WORK INSTRUCTION
Print only the closing part of the entries. It starts at the line containing "White Fleece Tracksuit Men" and includes the final line, exactly as written.

DATA IN THIS EXERCISE

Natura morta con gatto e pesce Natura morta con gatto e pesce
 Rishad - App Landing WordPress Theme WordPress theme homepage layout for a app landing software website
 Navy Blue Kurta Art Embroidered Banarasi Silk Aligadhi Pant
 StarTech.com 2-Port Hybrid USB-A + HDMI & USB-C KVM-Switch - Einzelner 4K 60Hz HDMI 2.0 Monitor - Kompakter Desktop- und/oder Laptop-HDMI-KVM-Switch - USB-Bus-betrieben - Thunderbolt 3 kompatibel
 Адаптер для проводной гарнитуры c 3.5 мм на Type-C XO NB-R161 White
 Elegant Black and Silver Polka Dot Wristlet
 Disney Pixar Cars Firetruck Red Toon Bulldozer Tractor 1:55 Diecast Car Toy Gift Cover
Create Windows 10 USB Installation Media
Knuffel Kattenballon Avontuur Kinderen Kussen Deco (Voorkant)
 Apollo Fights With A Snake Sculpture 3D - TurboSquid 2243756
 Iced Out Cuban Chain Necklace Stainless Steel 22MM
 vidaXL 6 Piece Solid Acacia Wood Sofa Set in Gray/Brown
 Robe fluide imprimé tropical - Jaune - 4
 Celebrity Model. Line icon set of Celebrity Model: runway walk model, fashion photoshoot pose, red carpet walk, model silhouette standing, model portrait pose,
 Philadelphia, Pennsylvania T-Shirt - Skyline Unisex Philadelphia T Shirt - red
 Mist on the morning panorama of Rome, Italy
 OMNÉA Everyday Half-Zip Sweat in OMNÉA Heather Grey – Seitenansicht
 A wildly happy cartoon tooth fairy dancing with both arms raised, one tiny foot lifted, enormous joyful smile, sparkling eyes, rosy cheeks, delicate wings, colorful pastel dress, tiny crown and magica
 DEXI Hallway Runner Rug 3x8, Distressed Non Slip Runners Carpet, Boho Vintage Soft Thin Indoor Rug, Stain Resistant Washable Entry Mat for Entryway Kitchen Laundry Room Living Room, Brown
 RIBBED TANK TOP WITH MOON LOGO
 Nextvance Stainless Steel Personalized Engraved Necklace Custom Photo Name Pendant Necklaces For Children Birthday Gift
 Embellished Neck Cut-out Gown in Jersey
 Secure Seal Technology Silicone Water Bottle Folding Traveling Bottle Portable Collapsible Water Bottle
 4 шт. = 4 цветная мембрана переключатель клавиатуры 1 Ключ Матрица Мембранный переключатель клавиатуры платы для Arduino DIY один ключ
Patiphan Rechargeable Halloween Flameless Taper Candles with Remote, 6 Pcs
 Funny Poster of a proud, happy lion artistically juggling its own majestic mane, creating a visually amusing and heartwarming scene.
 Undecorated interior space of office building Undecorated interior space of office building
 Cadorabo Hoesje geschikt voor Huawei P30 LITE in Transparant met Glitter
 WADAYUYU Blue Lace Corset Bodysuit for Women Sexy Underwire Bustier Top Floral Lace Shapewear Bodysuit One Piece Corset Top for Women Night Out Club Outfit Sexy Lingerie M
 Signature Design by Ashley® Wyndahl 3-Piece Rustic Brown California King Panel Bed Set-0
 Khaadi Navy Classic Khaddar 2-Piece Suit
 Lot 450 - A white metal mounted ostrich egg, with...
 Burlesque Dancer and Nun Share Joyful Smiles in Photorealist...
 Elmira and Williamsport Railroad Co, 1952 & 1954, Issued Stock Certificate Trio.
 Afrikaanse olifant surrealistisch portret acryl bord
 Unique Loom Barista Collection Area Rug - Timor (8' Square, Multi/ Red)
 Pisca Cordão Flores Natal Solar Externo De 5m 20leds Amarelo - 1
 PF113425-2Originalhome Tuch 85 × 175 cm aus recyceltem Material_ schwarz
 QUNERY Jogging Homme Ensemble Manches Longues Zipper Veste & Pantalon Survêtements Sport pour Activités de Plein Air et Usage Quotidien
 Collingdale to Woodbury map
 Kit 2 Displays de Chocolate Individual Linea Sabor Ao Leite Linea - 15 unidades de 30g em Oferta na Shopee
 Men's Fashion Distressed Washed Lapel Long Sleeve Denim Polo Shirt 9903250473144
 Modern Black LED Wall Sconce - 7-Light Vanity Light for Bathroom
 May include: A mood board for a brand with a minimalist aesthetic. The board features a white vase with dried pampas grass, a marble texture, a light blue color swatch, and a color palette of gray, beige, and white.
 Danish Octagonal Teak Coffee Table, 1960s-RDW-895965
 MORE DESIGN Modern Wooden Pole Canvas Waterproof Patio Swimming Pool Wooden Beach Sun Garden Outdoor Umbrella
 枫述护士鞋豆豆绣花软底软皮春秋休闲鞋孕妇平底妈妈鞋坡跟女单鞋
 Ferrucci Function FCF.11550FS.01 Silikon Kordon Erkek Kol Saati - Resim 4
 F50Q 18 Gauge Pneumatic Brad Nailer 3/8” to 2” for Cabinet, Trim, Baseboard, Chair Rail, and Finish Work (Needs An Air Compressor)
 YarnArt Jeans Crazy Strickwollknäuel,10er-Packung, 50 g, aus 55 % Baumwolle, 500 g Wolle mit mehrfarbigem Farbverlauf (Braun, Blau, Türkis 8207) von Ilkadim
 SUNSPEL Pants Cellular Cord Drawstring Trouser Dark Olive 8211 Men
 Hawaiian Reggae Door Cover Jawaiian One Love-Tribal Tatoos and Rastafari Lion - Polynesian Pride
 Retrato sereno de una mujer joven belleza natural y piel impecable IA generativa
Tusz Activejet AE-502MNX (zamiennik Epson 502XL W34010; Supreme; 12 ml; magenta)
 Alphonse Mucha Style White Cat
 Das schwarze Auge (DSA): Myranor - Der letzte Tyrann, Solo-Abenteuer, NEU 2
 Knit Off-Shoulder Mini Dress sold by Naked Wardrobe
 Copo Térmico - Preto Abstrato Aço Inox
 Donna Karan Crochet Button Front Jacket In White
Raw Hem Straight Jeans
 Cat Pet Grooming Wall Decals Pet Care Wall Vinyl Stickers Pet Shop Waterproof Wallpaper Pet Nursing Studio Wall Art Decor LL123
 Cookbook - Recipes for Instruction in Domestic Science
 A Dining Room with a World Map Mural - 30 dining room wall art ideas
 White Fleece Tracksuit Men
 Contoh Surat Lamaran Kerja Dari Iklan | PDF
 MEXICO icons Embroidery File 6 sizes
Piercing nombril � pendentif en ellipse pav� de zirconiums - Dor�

SOLUTION
 White Fleece Tracksuit Men
 Contoh Surat Lamaran Kerja Dari Iklan | PDF
 MEXICO icons Embroidery File 6 sizes
Piercing nombril � pendentif en ellipse pav� de zirconiums - Dor�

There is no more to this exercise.